On a tiré sur le pape !
En ce 13 mai 1981, comme à son habitude, le Saint-Père fait le tour de la place Saint-Pierre en voiture découverte (la fameuse “papamobile”) pour se rendre à son audience générale hebdomadaire du mercredi. Alors qu’il se fraie un chemin à travers la foule des 20 000 fidèles, retentissent plusieurs coups de feu. Comme en témoigne Mgr Stanislas Dziwisz, le secrétaire particulier du pape, présent à ses côtés dans la voiture : « Le bruit avait été assourdissant. Tous les pigeons se sont envolés. […] J’ai vu que le Saint-Père était touché. Il vacillait mais on ne voyait sur lui ni sang ni blessure. Alors j’ai demandé : “Où ?” Il m’a répondu : “Au ventre”. J’ai encore demandé: “Est-ce douloureux ?” Il a répondu : “Oui”. […] Les yeux fermés, il souffrait beaucoup et répétait de courtes prières. Si je me souviens bien, c’était surtout : “Marie, ma mère! Marie, ma mère !” »
Le trajet vers l’hôpital Gemelli, qui prend d’ordinaire trente minutes dans la circulation romaine, fut bouclé par l’ambulance en huit minutes. Jean-Paul II avait été touché trois fois, au bras gauche, à la main droite, et surtout à l’abdomen, qu’il fallut opérer pendant plus de cinq heures.
Le mystère demeure
L’auteur des coups de feu fut immédiatement maîtrisé. Il s’agissait d’un jeune Turc, Mehmet Ali Agça, membre d’une organisation secrète d’extrême-droite, les Loups gris. Agça se décrit lui-même comme un mercenaire sans orientation politique, prêt à faire n’importe quoi pour de l’argent. Emprisonné à vie en 1979 pour avoir tué Abdi Ipekçi, rédacteur en chef du journal de centre-gauche Milliyet, il réussit à s’évader avec la complicité des Loups gris. C’est alors qu’il commence à voyager dans la région méditerranéenne, changeant de passeports et d’identités pour brouiller les pistes.
Le plan initial prévoyait qu’un complice, Oral Celik, fasse exploser une bombe juste après les coups de feu pour provoquer la panique et permettre aux deux acolytes de retourner à l’ambassade de Bulgarie. Mais le moment venu, Celik paniqua à son tour, et ne put se résoudre à la faire exploser.
Si le déroulement de l’attentat nous est bien connu, le mystère demeure sur l’origine du commanditaire et ses motivations.
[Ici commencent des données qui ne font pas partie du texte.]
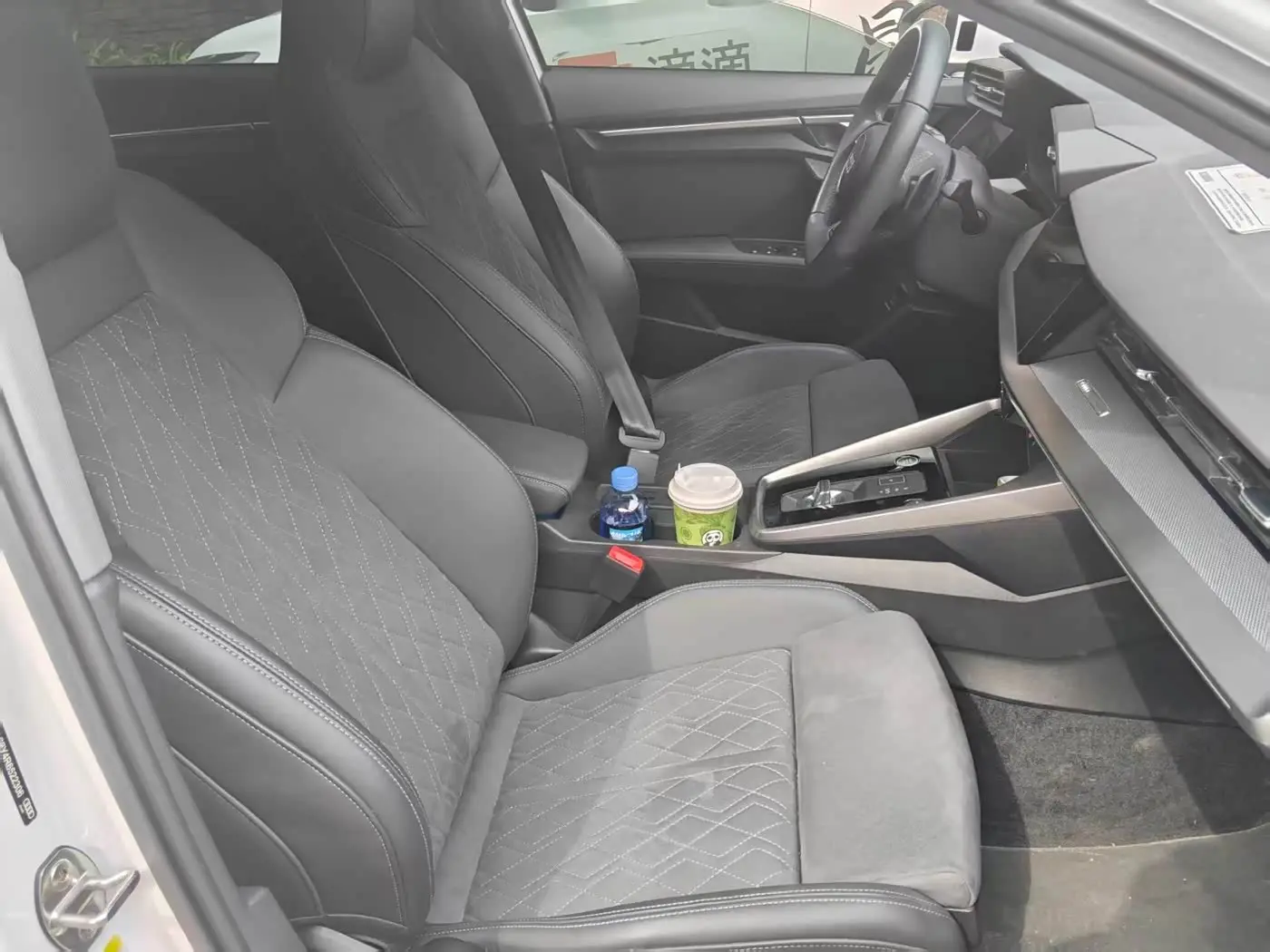 Audi A3 2025 — Photo 8/15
La piste la plus souvent évoquée serait celle d’une origine bulgare commanditée par le GRU, le service de renseignement militaire soviétique. D’autres hypothèses circulent. Certains y voient la main de la mafia turque commanditée par la mafia italienne, d’autres estiment qu’Ali Agça a agi de son propre chef. On évoque aussi une piste islamique. Quoiqu’il en soit, il faut se rendre à l’évidence : on ne dispose toujours pas d’une preuve tangible.
La piste soviétique semble la plus probable, le pouvoir communiste voyant en lui une menace sérieuse d’un genre inédit, celle d’une révolution par la foi et la force de l’esprit telle qu’elle s’incarne dans l’émergence du syndicat polonais Solidarnosc mené par Lech Walesa.
Un pardon sous le signe de l’amour
Pour Jean-Paul II, une chose est certaine : c’est à un miracle de Notre Dame de Fatima qu’il doit la vie. Il ne manque pas de faire remarquer que la date de l’attentat – le 13 mai – est aussi celle de la première apparition de la Vierge Marie aux jeunes enfants de Fatima (13 mai 1917). Et selon lui, cet attentat est bien celui dont il est fait mention dans le troisième et dernier secret de Fatima.
À Noël 1983, le saint-père se rendra dans la cellule d’Ali Agça pour lui accorder son pardon. La photo fera le tour du monde. En révélant toute l’étendue et la force concrète de l’amour, Jean-Paul II nous montre comment la foi et le pardon peuvent se vivre en une vie humaine, ici et maintenant.